■ **WORK REQUEST**
Copy every record verbatim but exclude the pictures.

======

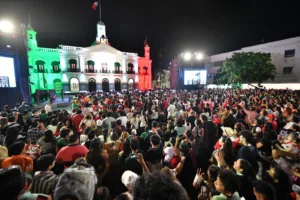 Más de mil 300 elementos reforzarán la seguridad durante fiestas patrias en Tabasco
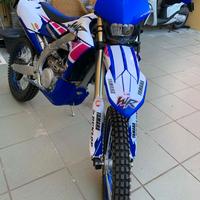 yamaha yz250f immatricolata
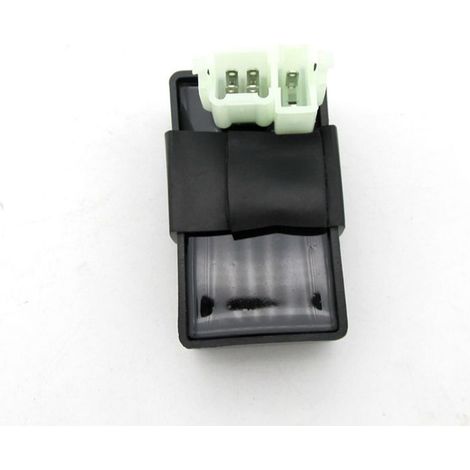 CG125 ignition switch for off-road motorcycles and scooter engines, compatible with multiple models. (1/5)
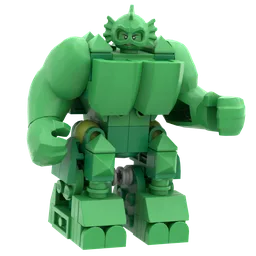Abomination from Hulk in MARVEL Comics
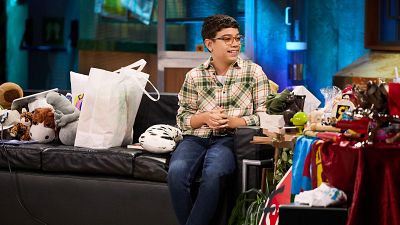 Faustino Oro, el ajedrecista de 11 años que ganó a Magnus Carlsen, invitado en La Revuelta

======

■ **TASK RESPONSE**
 Más de mil 300 elementos reforzarán la seguridad durante fiestas patrias en Tabasco
 yamaha yz250f immatricolata
 CG125 ignition switch for off-road motorcycles and scooter engines, compatible with multiple models. (1/5)
Abomination from Hulk in MARVEL Comics
 Faustino Oro, el ajedrecista de 11 años que ganó a Magnus Carlsen, invitado en La Revuelta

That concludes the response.